Borage is an herb which grows to 60-100cm, is hairy on the stems and leaves, and has five (usually blue) petals.
Herbs were much more important to people in the seventeenth-century than they are to the majority of us today. In the early modern period herbs were used for their medicinal qualities, any seasoning they gave to food was an added bonus. They provided a form of medicine which could be grown, gathered and prepared at home, without the expense of calling a physician. As a result many books were published on the qualities of different herbs, what they looked like, where to find them etc.
Nicholas Culpeper (1616-1654) was an herbalist who believed in widening the knowledge of herbs’ uses. He wrote The English Physician in 1652 which contains 396 medicines made from English herbs. Edmund Gayton (1608-1666) who studied medicine at Oxford published The Art of Longevity in 1659. His book informs the reader about the humoral qualities of foods and herbs; it is written in heroic couplets as Gayton was also a poetry fan.
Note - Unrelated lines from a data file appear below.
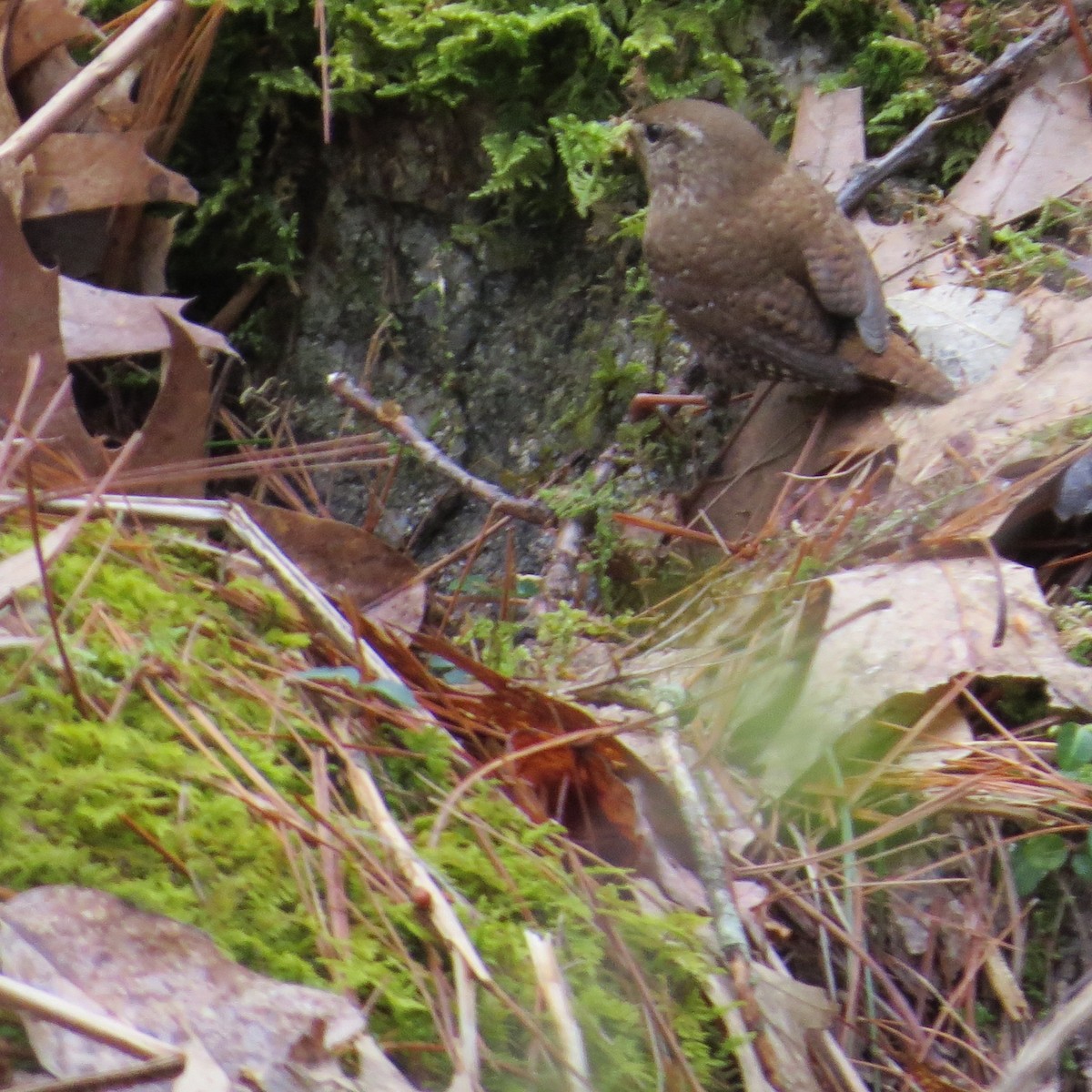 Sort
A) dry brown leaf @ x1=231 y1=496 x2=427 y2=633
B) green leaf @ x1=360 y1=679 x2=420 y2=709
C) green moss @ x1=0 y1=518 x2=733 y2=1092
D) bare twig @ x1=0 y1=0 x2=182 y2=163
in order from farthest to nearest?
bare twig @ x1=0 y1=0 x2=182 y2=163
dry brown leaf @ x1=231 y1=496 x2=427 y2=633
green leaf @ x1=360 y1=679 x2=420 y2=709
green moss @ x1=0 y1=518 x2=733 y2=1092

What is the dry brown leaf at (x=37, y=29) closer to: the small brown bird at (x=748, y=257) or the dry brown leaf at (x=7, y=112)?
the dry brown leaf at (x=7, y=112)

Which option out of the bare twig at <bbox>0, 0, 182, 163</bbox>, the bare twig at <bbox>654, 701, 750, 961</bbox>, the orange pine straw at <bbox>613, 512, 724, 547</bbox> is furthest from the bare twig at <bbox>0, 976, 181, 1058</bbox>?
the bare twig at <bbox>0, 0, 182, 163</bbox>

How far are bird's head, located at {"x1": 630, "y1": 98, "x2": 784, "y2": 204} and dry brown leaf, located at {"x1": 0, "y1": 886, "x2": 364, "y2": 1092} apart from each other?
204 cm

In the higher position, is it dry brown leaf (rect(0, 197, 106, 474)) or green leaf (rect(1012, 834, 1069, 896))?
dry brown leaf (rect(0, 197, 106, 474))

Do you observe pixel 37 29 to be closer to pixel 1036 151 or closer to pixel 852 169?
pixel 852 169

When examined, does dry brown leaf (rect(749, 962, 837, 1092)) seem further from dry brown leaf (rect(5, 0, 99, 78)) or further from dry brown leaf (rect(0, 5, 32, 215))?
dry brown leaf (rect(5, 0, 99, 78))

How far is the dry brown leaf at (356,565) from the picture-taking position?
1.75m

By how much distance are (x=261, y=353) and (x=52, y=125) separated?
971mm

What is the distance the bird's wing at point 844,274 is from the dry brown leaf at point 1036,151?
10.1 inches

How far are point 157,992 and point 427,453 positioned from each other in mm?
1422

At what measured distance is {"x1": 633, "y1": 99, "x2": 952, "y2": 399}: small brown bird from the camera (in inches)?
92.2

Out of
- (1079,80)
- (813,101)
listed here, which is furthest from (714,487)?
(1079,80)

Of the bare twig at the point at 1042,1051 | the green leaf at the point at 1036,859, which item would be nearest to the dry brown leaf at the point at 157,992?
the bare twig at the point at 1042,1051

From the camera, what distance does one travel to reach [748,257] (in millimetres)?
2533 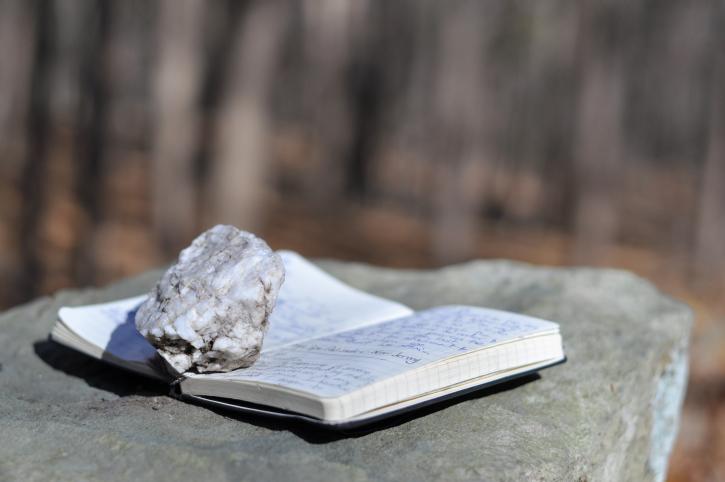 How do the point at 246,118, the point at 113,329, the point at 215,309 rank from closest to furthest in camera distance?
the point at 215,309
the point at 113,329
the point at 246,118

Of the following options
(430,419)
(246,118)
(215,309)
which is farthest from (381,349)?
(246,118)

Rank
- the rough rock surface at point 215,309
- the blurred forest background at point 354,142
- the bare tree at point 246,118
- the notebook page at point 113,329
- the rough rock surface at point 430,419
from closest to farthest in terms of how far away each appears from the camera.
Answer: the rough rock surface at point 430,419 < the rough rock surface at point 215,309 < the notebook page at point 113,329 < the bare tree at point 246,118 < the blurred forest background at point 354,142

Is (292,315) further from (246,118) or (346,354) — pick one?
(246,118)

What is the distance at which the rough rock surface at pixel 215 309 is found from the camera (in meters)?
1.58

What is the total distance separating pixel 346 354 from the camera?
5.42ft

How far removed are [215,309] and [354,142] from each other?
14264 millimetres

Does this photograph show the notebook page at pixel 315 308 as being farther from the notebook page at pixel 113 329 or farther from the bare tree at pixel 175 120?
the bare tree at pixel 175 120

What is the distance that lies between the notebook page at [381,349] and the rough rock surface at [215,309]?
5cm

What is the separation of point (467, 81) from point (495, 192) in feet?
33.0

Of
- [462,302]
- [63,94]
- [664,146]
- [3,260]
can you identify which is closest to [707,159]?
[3,260]

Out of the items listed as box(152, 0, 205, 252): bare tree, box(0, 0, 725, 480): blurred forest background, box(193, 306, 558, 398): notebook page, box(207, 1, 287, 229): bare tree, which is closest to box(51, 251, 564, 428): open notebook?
box(193, 306, 558, 398): notebook page

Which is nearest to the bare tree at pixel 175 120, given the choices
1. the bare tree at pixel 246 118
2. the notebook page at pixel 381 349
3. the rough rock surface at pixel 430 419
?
the bare tree at pixel 246 118

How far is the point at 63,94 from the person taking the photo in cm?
1889

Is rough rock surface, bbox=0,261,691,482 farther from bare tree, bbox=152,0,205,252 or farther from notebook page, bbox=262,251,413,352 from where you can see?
bare tree, bbox=152,0,205,252
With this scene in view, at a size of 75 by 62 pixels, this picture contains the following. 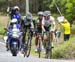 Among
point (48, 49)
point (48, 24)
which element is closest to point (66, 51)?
point (48, 49)

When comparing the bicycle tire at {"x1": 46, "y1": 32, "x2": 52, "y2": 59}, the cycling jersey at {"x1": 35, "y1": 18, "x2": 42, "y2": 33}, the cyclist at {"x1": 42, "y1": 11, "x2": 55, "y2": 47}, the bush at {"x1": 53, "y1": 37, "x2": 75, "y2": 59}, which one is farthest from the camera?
the cycling jersey at {"x1": 35, "y1": 18, "x2": 42, "y2": 33}

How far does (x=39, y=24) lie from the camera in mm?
16938

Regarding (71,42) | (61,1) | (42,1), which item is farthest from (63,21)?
(42,1)

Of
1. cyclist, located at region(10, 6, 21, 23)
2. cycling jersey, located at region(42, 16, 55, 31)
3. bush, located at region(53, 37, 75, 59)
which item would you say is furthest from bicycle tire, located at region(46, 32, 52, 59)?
cyclist, located at region(10, 6, 21, 23)

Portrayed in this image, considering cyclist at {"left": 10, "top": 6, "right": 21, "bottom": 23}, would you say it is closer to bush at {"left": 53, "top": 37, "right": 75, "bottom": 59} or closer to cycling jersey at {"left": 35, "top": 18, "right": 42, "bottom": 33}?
cycling jersey at {"left": 35, "top": 18, "right": 42, "bottom": 33}

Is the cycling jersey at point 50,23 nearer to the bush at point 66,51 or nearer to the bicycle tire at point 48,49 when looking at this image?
the bicycle tire at point 48,49

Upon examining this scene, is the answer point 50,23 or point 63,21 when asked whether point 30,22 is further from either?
point 63,21

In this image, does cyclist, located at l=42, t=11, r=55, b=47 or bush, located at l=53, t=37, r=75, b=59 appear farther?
bush, located at l=53, t=37, r=75, b=59

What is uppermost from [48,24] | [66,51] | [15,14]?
[15,14]

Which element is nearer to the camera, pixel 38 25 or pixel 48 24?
pixel 48 24

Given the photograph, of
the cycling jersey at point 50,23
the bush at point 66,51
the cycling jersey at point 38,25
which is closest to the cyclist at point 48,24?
the cycling jersey at point 50,23

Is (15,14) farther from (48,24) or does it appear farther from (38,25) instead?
(48,24)

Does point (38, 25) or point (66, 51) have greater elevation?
point (38, 25)

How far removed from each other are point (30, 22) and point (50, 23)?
3.15 feet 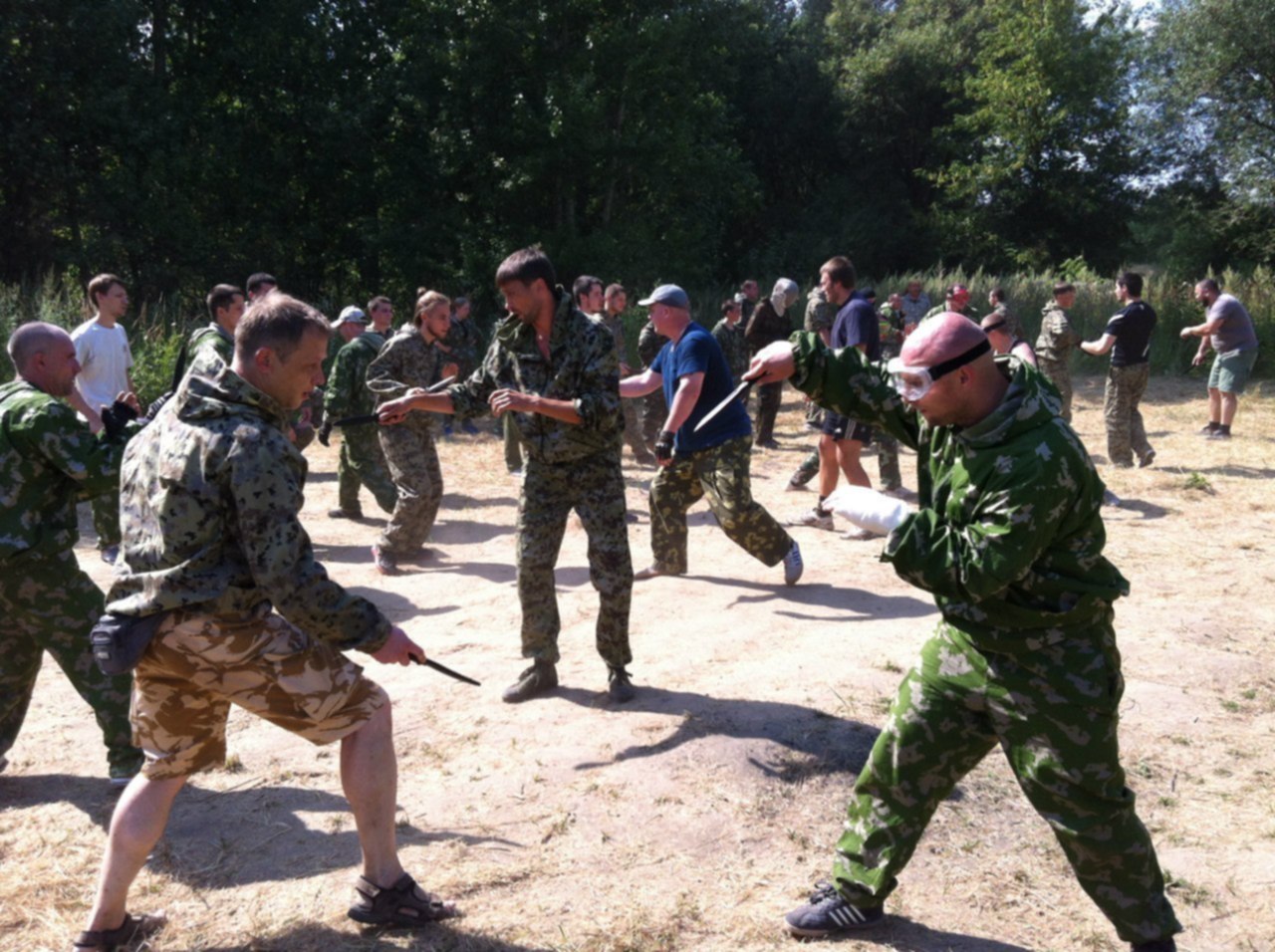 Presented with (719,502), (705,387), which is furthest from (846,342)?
(719,502)

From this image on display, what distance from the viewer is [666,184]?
2559cm

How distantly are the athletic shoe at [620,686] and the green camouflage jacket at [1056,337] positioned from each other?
29.1ft

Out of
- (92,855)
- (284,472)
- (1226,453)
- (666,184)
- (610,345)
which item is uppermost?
(666,184)

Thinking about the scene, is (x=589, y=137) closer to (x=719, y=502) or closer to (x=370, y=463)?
(x=370, y=463)

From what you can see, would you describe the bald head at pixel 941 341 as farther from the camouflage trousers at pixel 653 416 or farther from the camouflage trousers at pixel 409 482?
the camouflage trousers at pixel 653 416

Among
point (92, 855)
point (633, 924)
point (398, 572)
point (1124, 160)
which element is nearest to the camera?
point (633, 924)

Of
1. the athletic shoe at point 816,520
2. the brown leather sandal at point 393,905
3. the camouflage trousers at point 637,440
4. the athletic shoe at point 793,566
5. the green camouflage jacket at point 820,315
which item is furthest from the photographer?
the green camouflage jacket at point 820,315

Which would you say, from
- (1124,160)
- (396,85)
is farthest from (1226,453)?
(1124,160)

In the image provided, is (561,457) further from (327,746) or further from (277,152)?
(277,152)

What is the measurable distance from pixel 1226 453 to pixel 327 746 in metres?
12.2

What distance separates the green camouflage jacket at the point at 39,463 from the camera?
14.0 feet

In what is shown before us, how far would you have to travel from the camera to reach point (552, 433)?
5.27 metres

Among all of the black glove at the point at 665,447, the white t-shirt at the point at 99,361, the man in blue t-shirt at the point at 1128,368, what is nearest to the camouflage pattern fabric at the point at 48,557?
the black glove at the point at 665,447

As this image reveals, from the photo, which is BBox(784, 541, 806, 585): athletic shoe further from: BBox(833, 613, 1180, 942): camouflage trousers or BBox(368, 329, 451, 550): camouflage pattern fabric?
BBox(833, 613, 1180, 942): camouflage trousers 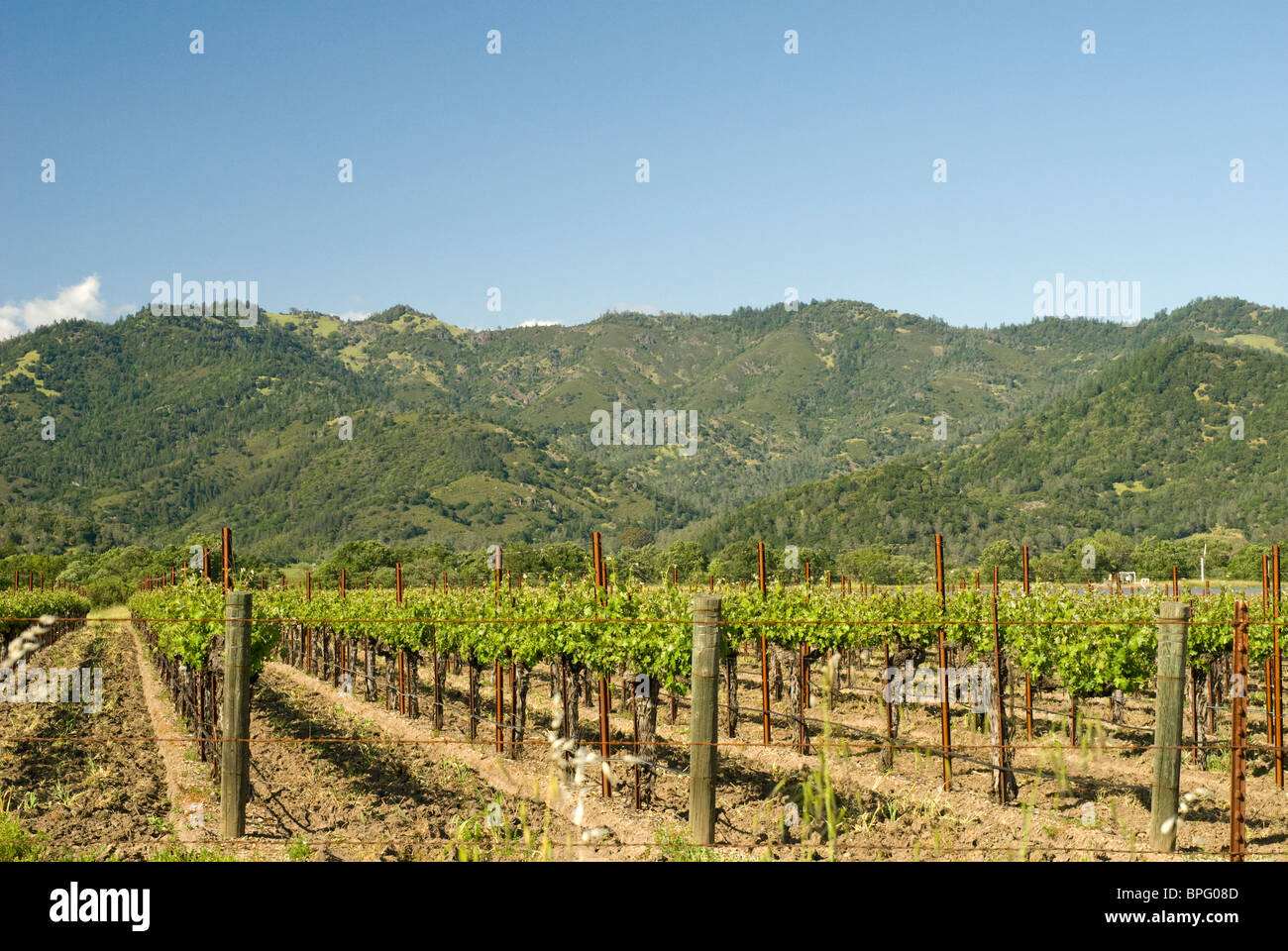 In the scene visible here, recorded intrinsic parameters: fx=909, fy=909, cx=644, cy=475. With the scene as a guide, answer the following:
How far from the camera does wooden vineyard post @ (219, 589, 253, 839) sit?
19.9 ft

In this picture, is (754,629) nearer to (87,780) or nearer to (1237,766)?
(87,780)

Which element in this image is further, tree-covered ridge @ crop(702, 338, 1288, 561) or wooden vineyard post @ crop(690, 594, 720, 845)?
tree-covered ridge @ crop(702, 338, 1288, 561)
Burton also recommended the use of herbs in The Anatomy of Melancholy.
All of these writers particularly recommended Borage. Burton argued that Borage was the best cure for melancholy ‘whether in substance, juice, roots, seeds, flowers, leaves, decoctions, distilled waters, extracts, oyles &c.’ It could be used ‘in Broth, in Wine, in Conserves, Syrops, &c.’ Burton also tells us that Borage was ‘against this malady (melancholy) most frequently prescribed’. Culpeper wrote that ‘the leaves are good to expel pensiveness and melancholy.’ and Gayton wrote:
‘Have you no courage?
At any time revive your soul with Borage…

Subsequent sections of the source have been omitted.